I live in an area where I am surrounded by family farming operations -- and
all of our families have known each other for more than a hundred years
(probably much more if you consider that our immigrant ancestors settled
around people who they knew). Part of my motivation for being engaged in
sustainable agriculture is that I would like to help these people who are
my neighbors, friends and, in many cases, relatives.
Read my earlier post again ... and try to drop your ideological baggage
before assessing my motives, okay? There are farms and farmplaces and
farmland everywhere I look. I cannot see or hear evidence of a city from
my farm except for the distant grain elevator about seven miles away. I
KNOW exactly what the outcome of attempting to market produce locally is in
this region ... my knowledge of the market is based on over ten years in
the market. It is not based on what I've read in my favorite magazine or
bullshit I've heard about from friends down at the campus coffeehouse or
what I'd really like to believe or even what I know works in a very
different economic / social / cultural environments.
My customers were not affluent enough to be able to afford any price
premium and I certainly didn't ask for it. (Most of them were widows
living in small rural towns on a Social Security check.) They also simply
did not care about whether or not something was organic or not (but they
definitely didn't like even one thistle in "their" asparagus patch and
didn't much care about my explanations that a few weeds were going to be
part of an organic operation ... because they knew that "you could use a
little squirt of that Ortho WeedBeGone to kill those things." You can be
as judgmental as you want, but you just gotta smile and bear it when even
your great aunt's friends tell you something like that.) Change in
attitudes takes a long time ... but in the mean time, you gotta pay the
bills.
CSAs will not work here until the economy is more diversified and vibrant
than it already is. Industry, commerce, and trade will need to raise the
levels of economic affluence to the point where people can afford to be
much more concerned and educated about issues like nutrition and
environment.
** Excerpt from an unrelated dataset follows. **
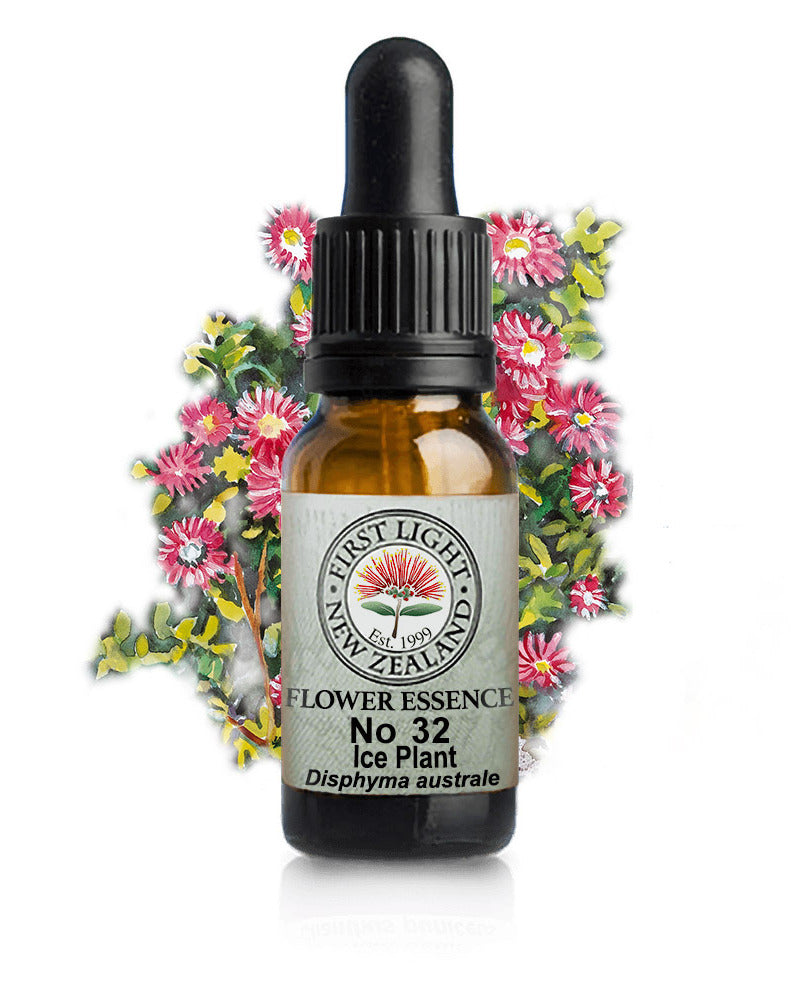 No 32 Ice Plant flower essence, 10ml stock oral dropper bottle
The point is to do what you can do to ensure that economic
growth is done in an ecologically sustainable fashion. To do that, you
need to work with what you have ... not with what you would like to have.
Wes Jackson writes about becoming "native to this place." I think I am
finally beginning to understand what that involves. It has very little to
do with preachiness and ideology -- but it has a lot to do with principles
and values and faith. Ideology is more about making excuses for failures
and judging what others are doing (i.e., big supermarkets are evil, large
farms are evil, the USDA is evil, global trade is evil). Principles,
values, and faith are more about action, forgiveness, healing, and solutions.